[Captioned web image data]
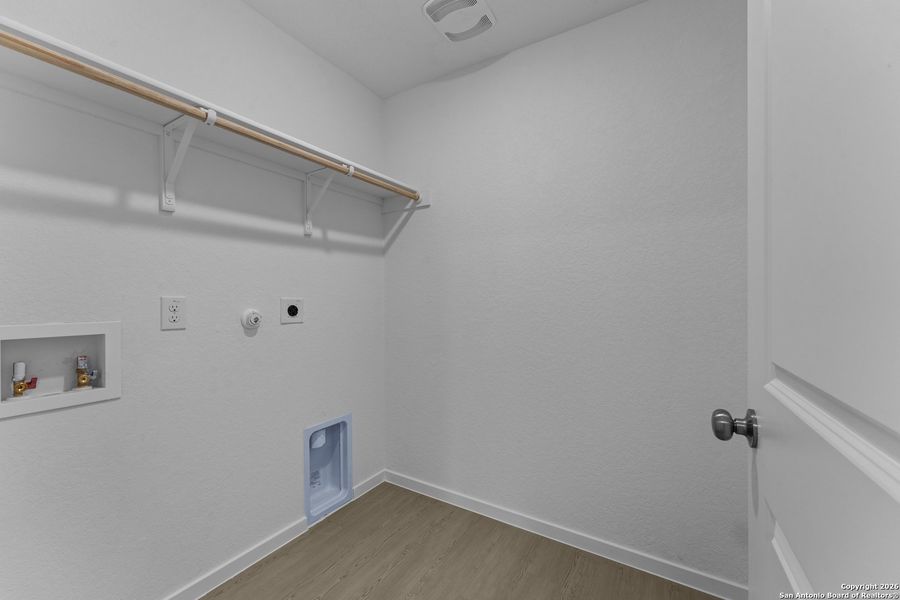 Spacious, unfurnished interior of a new home in Voss Farms, New Braunfels (Image 13).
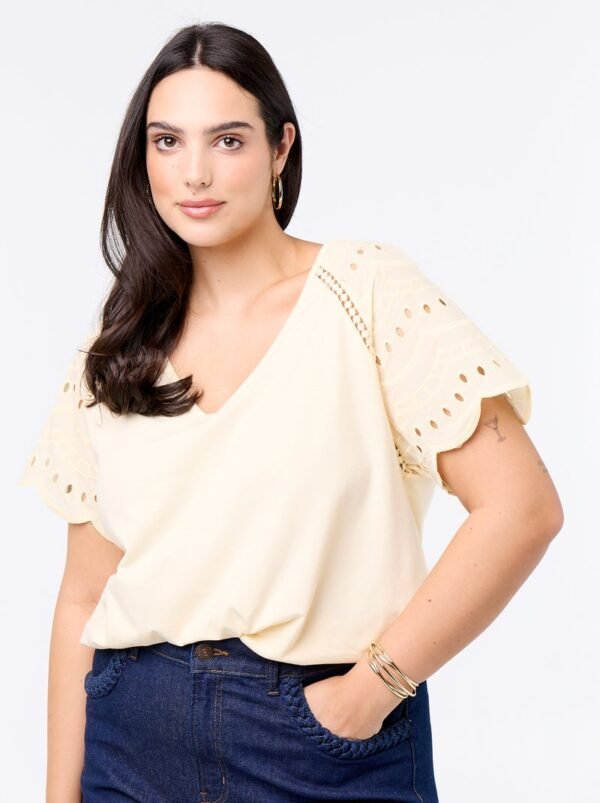 تيشرت Camiseta lisa bordados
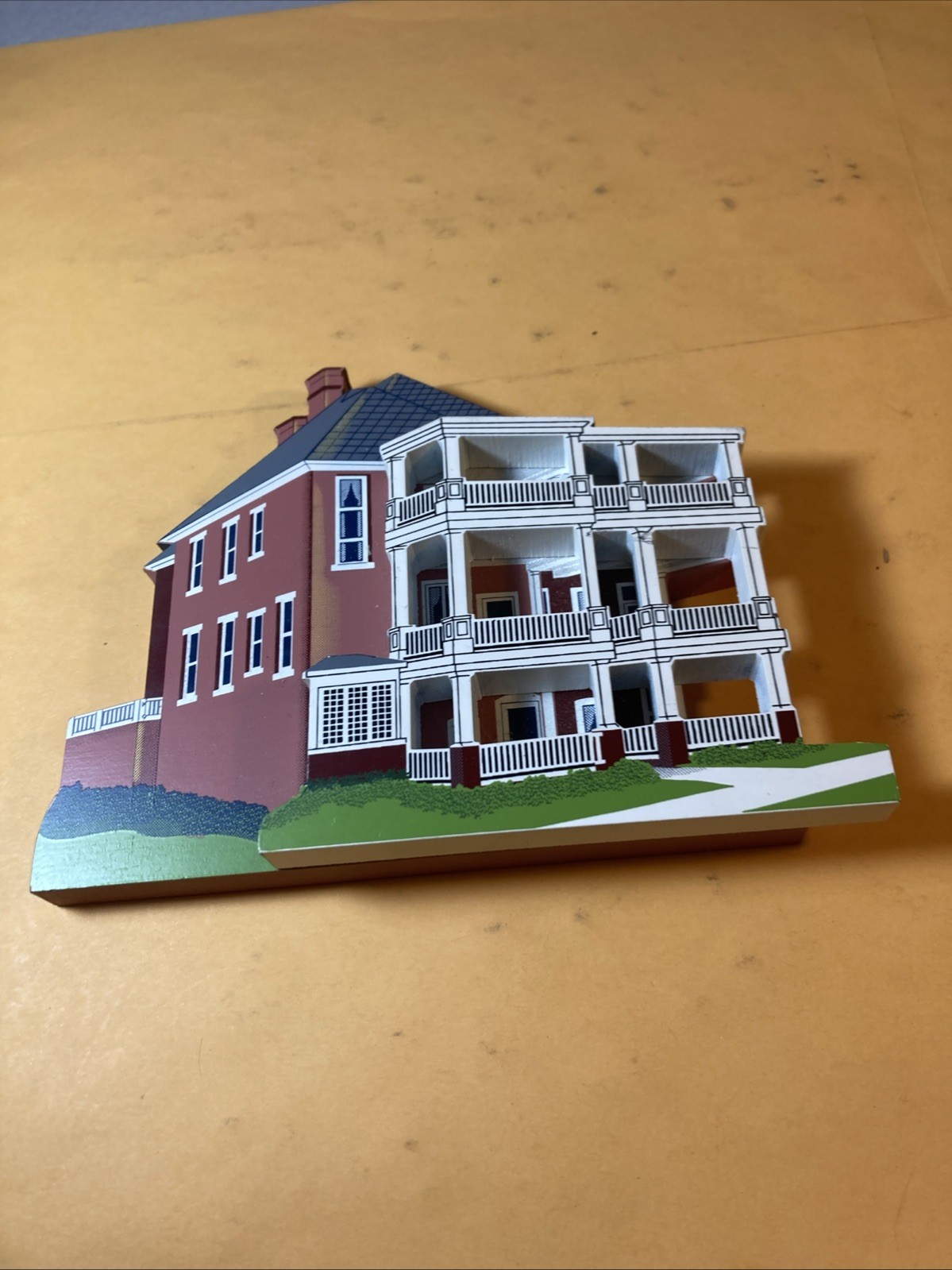 1996 Shelia The Margaret Mitchell House, Atlanta, Georgia Wooden Collectible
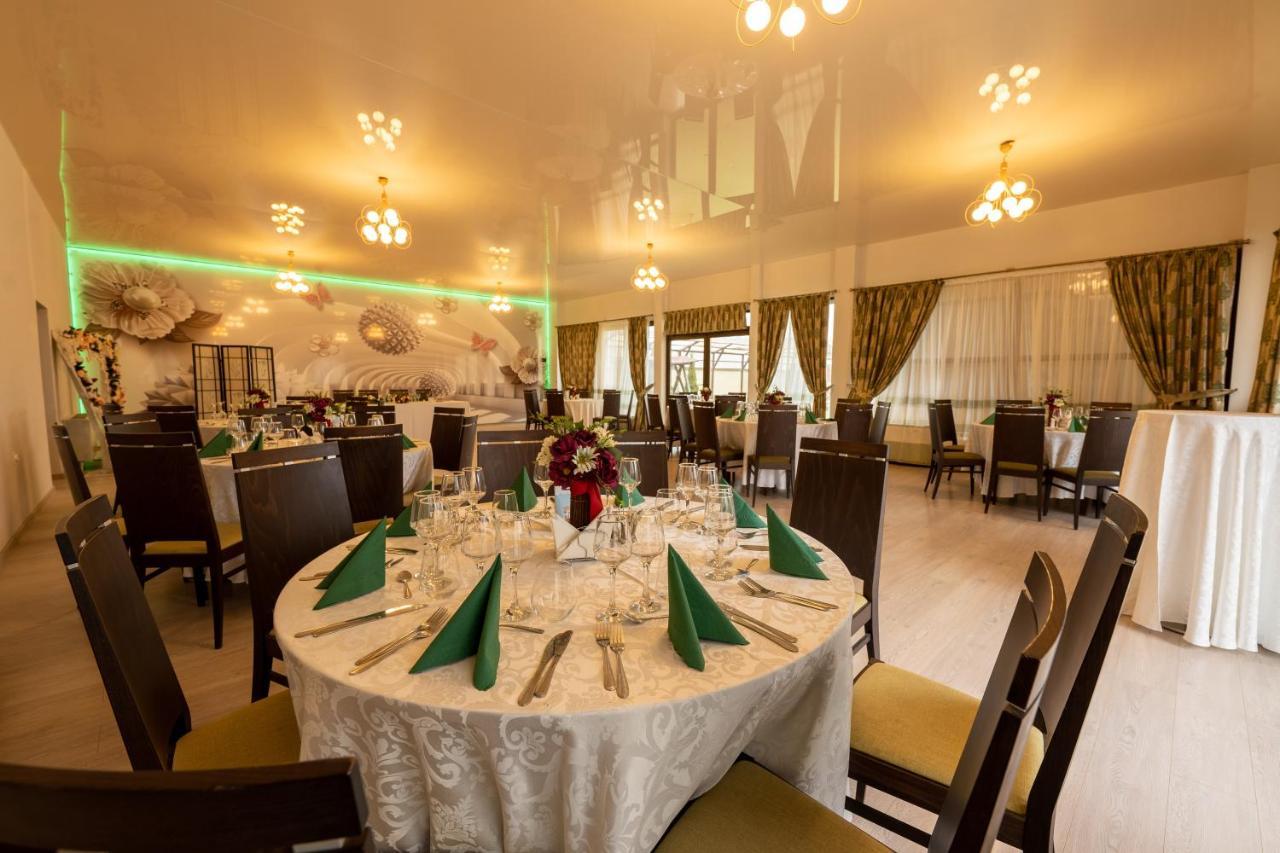 Hotel Coral Valea Lupului  Екстериор снимка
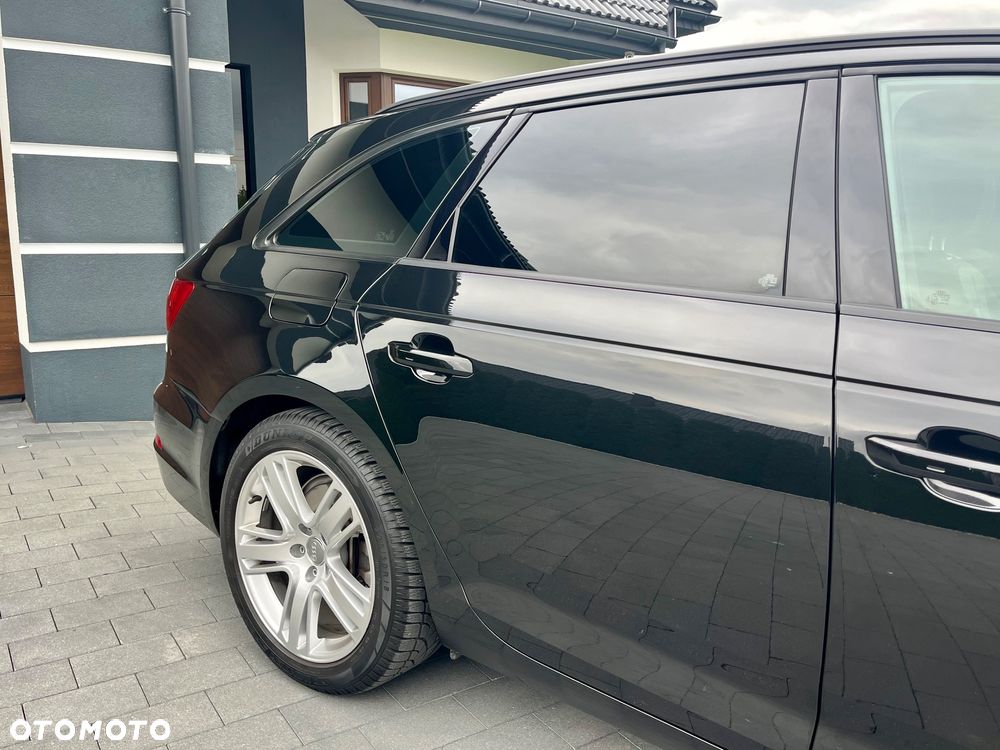 Audi A4 Avant 2.0 TDI ultra S tronic design - 18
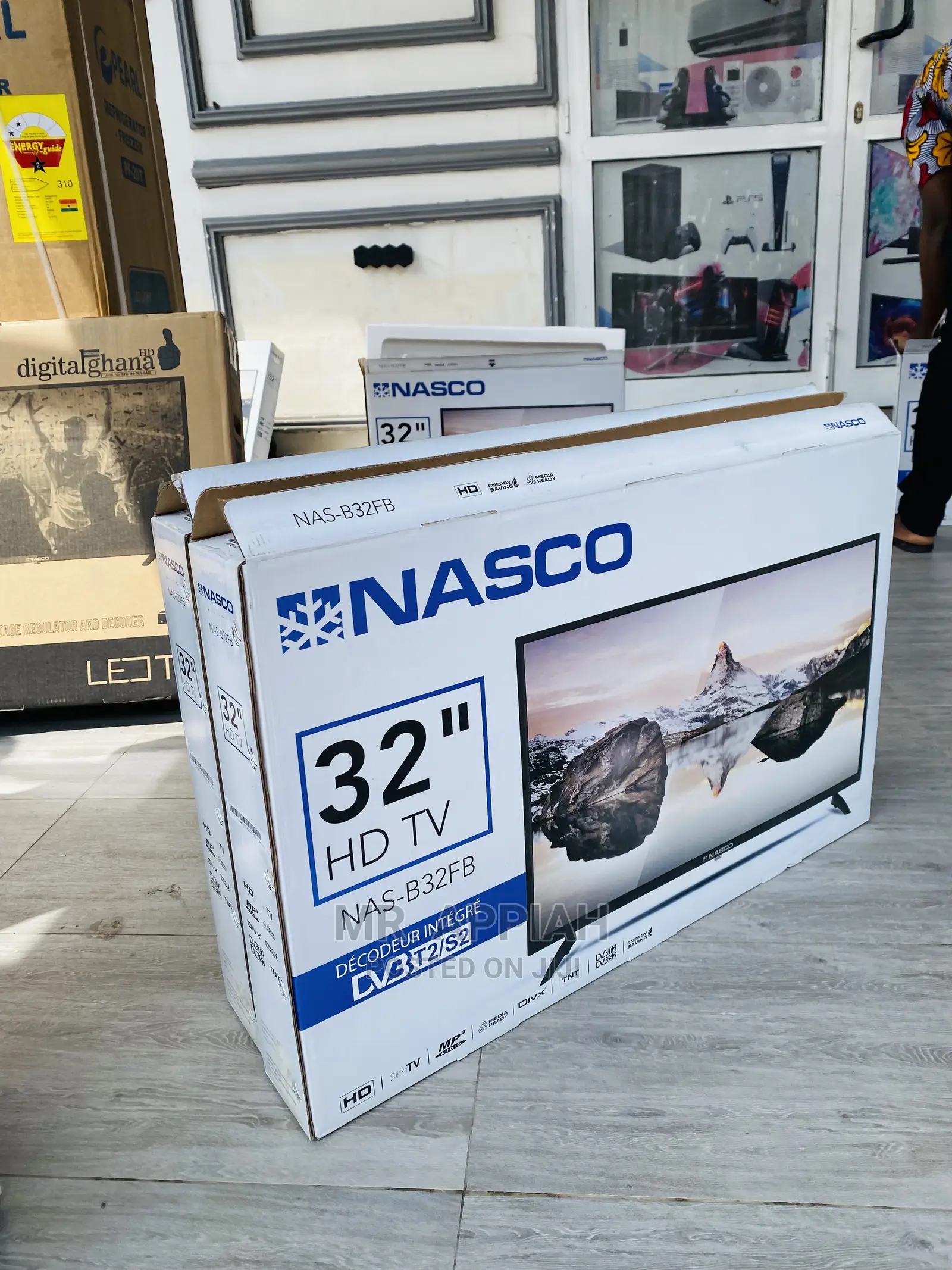 Quality Yet Affordable Nasco 32 Inch Digital Satelite Tv.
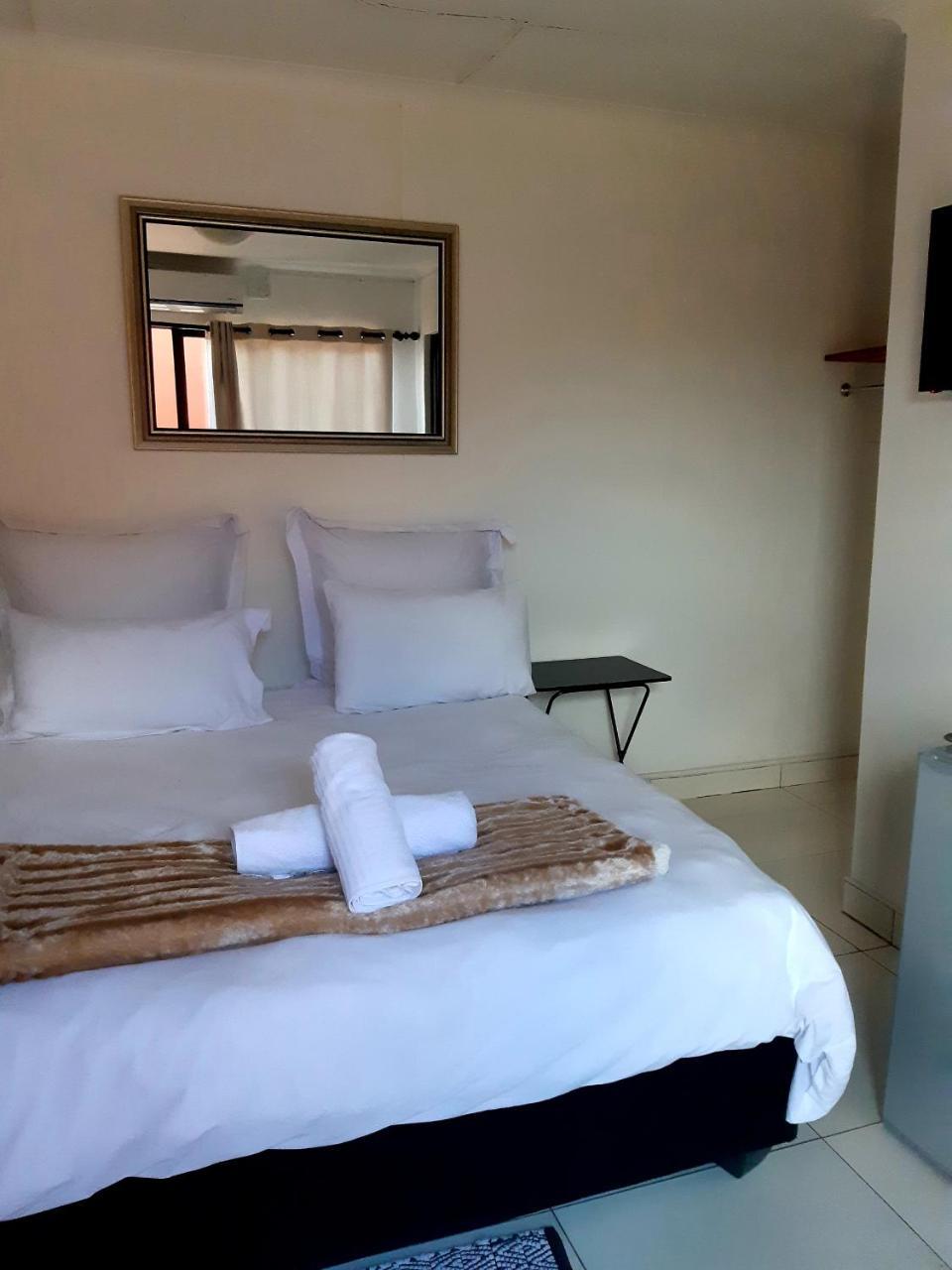 Niilo'S Guesthouse Rundu Exterior foto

#### [Exercise]
Pictures are to be left out; the records above must be repeated word for word.

#### [Task output]
 Spacious, unfurnished interior of a new home in Voss Farms, New Braunfels (Image 13).
 تيشرت Camiseta lisa bordados
 1996 Shelia The Margaret Mitchell House, Atlanta, Georgia Wooden Collectible
 Hotel Coral Valea Lupului  Екстериор снимка
 Audi A4 Avant 2.0 TDI ultra S tronic design - 18
 Quality Yet Affordable Nasco 32 Inch Digital Satelite Tv.
 Niilo'S Guesthouse Rundu Exterior foto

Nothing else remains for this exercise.